Can you guess which one I am? haha...

Just to give you some background... While I was India I figured out how to make a turban from a shawl, so this pic demonstrates my handiwork.

View attachment 966


----------



## moderan (May 15, 2010)

Hmm. I was in India once. Couldn't stand it. My shoes stuck to the tarmac right off the plane and I think I shrank two inches due to melting. Way too humid for me.


----------



## Sigg (May 15, 2010)

I was in bangalore, it's really nice weather there.  like 70-75 degrees all day and all night.


----------



## moderan (May 15, 2010)

Ah. That'd be okay.

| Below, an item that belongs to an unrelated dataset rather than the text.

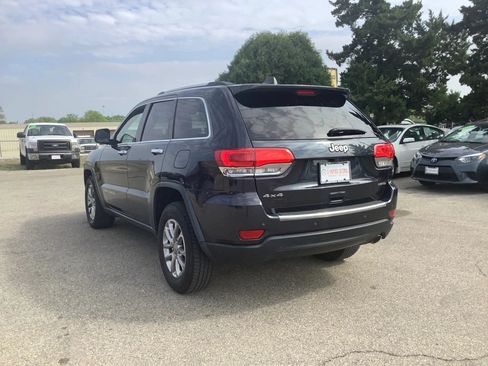 Used 2015 Jeep Grand Cherokee Limited AWD/4WD image 7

New Delhi was way too hot and stanky too.


----------



## alanmt (May 15, 2010)

you're the really goodlooking one, sigg!


----------



## Sigg (May 15, 2010)

alanmt said:


> you're the really goodlooking one, sigg!


 
slick alan

although I know you know which one I really am haha


----------



## moderan (May 16, 2010)




----------



## Sigg (May 16, 2010)

Well I posted that pic to show off my "interesting threads", the turban.   It sorta went sideways from there


----------



## moderan (May 16, 2010)

LOL. Only you would get that.


----------



## Sigg (May 16, 2010)

hah, i didn't even think twice about it, it seemed obvious to me you were hinting that we ought to get back on topic.


----------



## moderan (May 16, 2010)

As much as anything stays on-topic on an internet forum. Sometimes it works like conversation.


----------



## NathanBrazil (May 16, 2010)

I got it too.  But I read the thread backwards so that don't really count.


----------



## moderan (May 16, 2010)

Yeah *laughs* It's kind of odd to have to moderate myself though. It isn't as if this thread has any real purpose or significance anyway...just practice I guess.


----------